Perfecting her first trick in less than a week, Chesca has gone on to build up a repertoire of tricks she regularly uses in her shows including wheelies, stoppies, drifting, acros and doughnuts. Using a combination of these she choreographs each routine. “I put all of my routines together myself and form the basic structure in my head first. Every show is different, so I take into consideration the amount of time I have to perform for, the space I’m given and the surface I’ll be riding on,” she explains. “Once this has been figured out I’ll put the routine together and rehearse it before practising in front of other riders – usually my friends – to see how they think it looks, and then get them to throw in advice or ideas.”
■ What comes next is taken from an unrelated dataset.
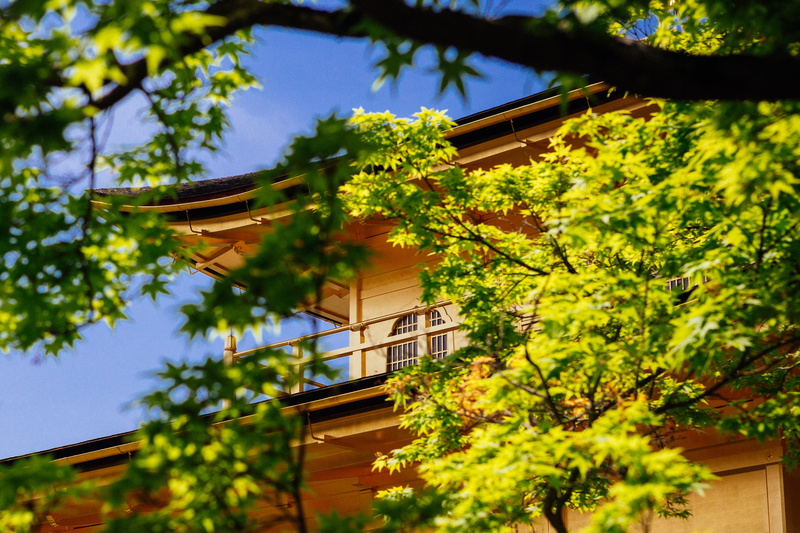 architecture, sacred, sunlight, day, low angle view, plant, 4K, building, roof, tree, kyōto-shi, house, growth, kyoto, leaf, residential district, plant part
Having the confidence to do the stunts is more than half the battle, but it’s also important to have the right tools. “Certain bikes are better for different types of stunts,” she says. “If you’re going to do some serious drifting or powerslides then you want a nice sporty 1000cc machine, which will perform better than the 600. For more precise technical riding, a 600, 636 or 750 is the way to go,” advises Chesca.
Still full of ambition, there’s much more that Chesca wants to achieve in her stunting career including inventing her own ultimate signature trick. “To forward my career I’m going to keep progressing with the stunting and get better and better. There are many new tricks I’m working on including wheelie circles and combos.” And her advice to ABRs who fancy swapping the road less travelled for the stunt circuit? “Start your stunting practice on a 110, 150 or 250cc off-roader or pit bike first before buying a sports bike to stunt on. It’s what 99 percent of all the best stunt riders did, and still do, when training. Not only is it safer, it will also make your learning much quicker…but that’s an inside secret.”